スパイラル部分まで含めた紙のサイズのものが多いので、表記どおりの例えばF4の額を買ってきて入れようとすると、
スパイラルの穴あき部分まで見えてしまいます。
画材屋さんで一回り大きい額を購入し、マットを入れてもらえば問題ありません。
ブロックタイプ:
紙の四辺を薄く糊付けしてあり、描き終わったらはがしていくタイプのもので、水彩専用紙に多く見られます。
紙の周囲が張り付いているので、水をたっぷり乗せても変形しにくく、非常に使いやすいです。
また、風によってめくれることもないので、戸外でももちろん活躍します。
糊付けしてあるので連続して描くには1枚ずつはがさなければなりませんが、
例えば上の1辺だけをくっつけたまま、他の部分だけをはがせば、スパイラル綴じと同じように使えます。
なお、スケッチブックだからといってすべて水彩画に適しているわけではないので注意が必要です。

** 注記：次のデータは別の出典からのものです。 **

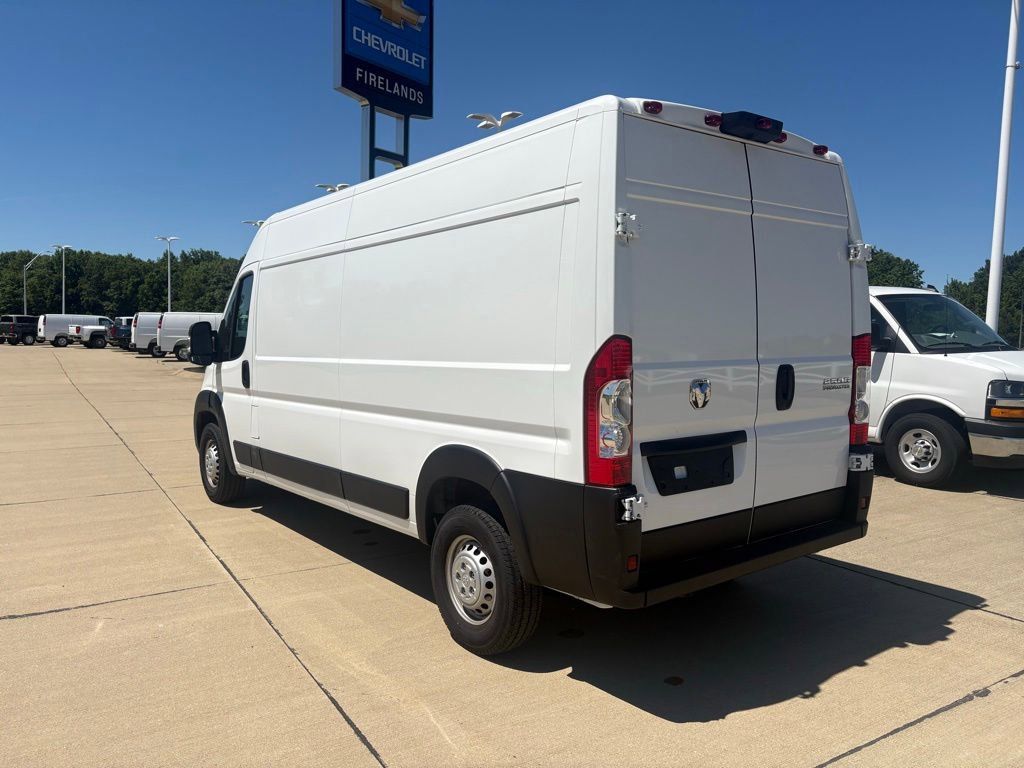Used 2026 RAM ProMaster 2500 w/ Convenience Group FWD image 4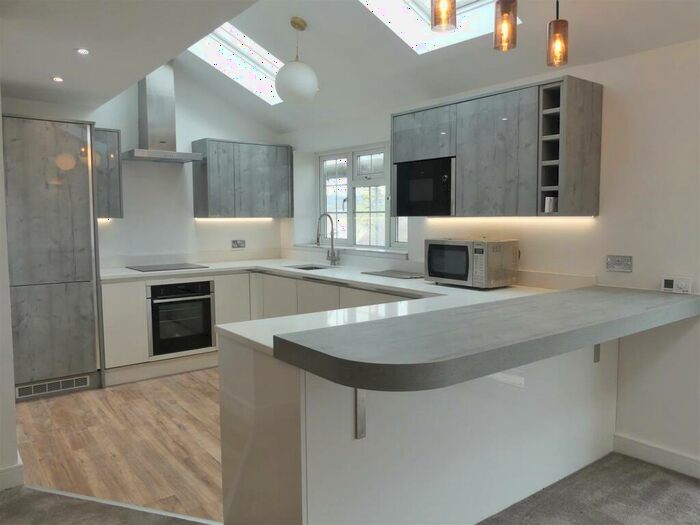 3 Bedroom Duplex To Rent In Southfield Road, Burley In Wharfedale, Ilkley, LS29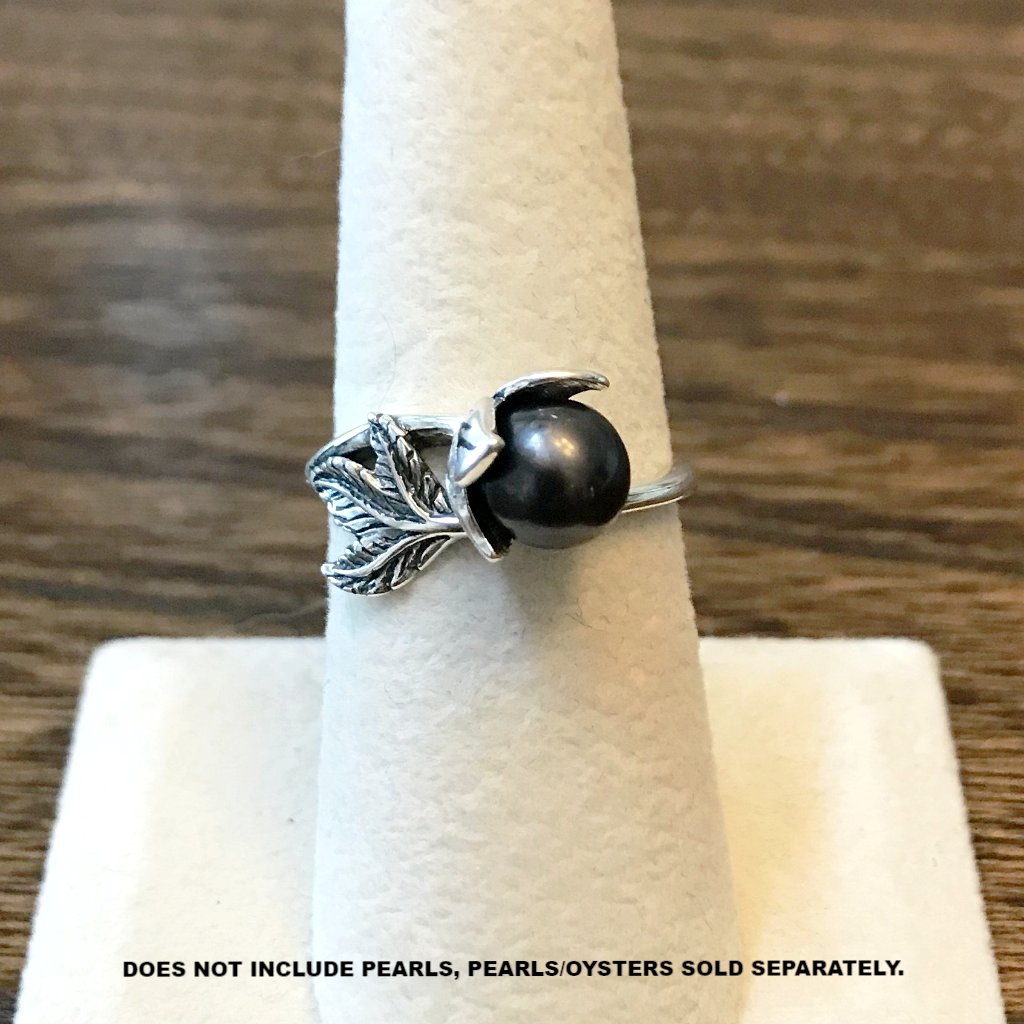 Leaf Ring (Sizes 6 and 7)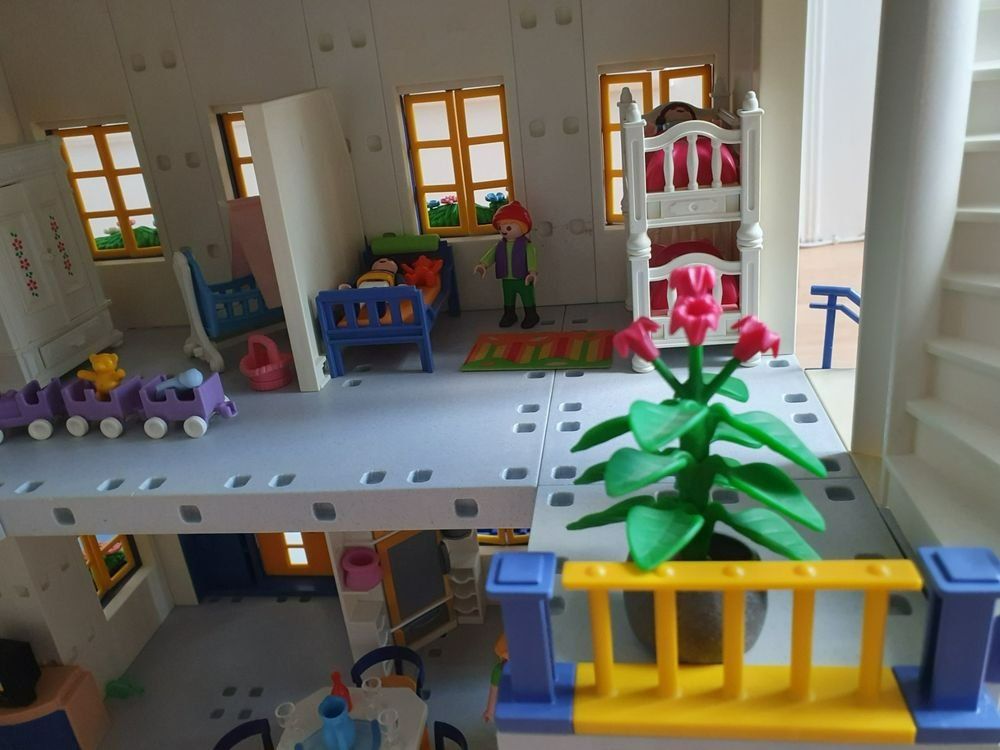 Playmobil Giocattoli: Playmobil Villa – Usato da Lyss venduto da Elisha13 7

文房具店などで取り扱っているスケッチブックの大半は画用紙です。
また、義務教育の美術の授業で使うスケッチブックですら、水彩画に適していない場合があります。
一般的なスケッチブックは例えて言えば汎用紙で、悪くいうと器用貧乏な性能です。
鉛筆画やクレヨン、水彩絵の具でちょっとしたお絵かきができるといった感じのものがほとんどです。
まだ絵を描けないような小さいお子様のお絵かき用としては十分かもしれませんが、
本格的に水彩画を描くには紙の質が足りません。
学童の美術用スケッチブックもその上位互換程度で、デッサン練習やらクロッキーやら、鉛筆画やら木炭画やら水彩画やら、
全てを1冊のスケッチブックで賄うことが多く、結局のところちょっと丈夫な汎用紙というレベルです。
この仕様の紙は水彩画の水分量に耐えられないものが多く、裏抜けしたり、
ちょっとたわむでは済まないほど波打ったりします。
美術の授業で使っていたものと同じだから大丈夫とは言えないので、購入する際は気を付けてください。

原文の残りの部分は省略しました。